Your goal:
Set down without change every line from the line that contains "10774 Hellman St Oakland, CA 94605" through the end of the listing, and only those lines. No pictures.

Dataset extract:
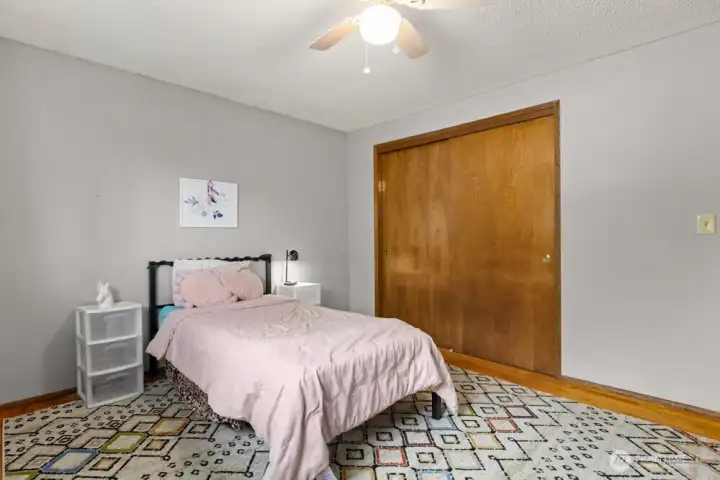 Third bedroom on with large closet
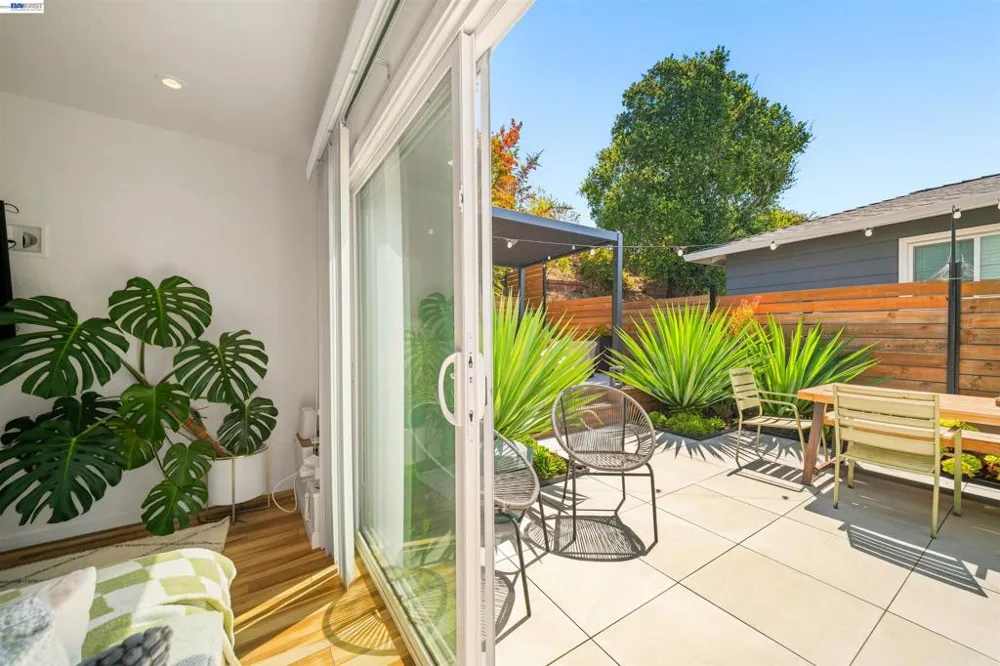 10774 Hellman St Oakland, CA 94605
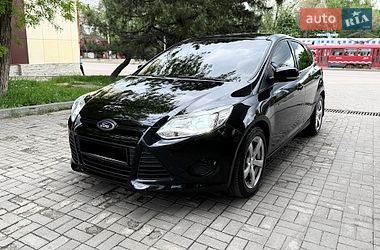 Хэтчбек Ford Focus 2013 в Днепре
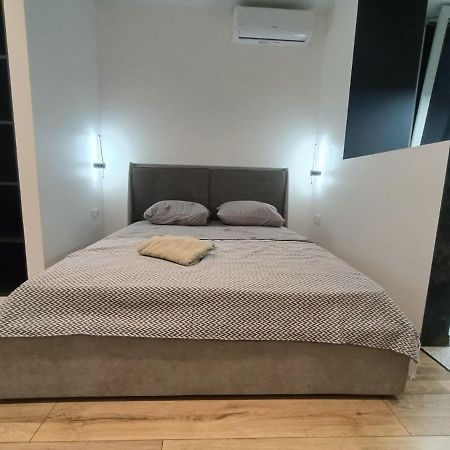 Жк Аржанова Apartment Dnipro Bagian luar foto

Worked solution:
 10774 Hellman St Oakland, CA 94605
 Хэтчбек Ford Focus 2013 в Днепре
 Жк Аржанова Apartment Dnipro Bagian luar foto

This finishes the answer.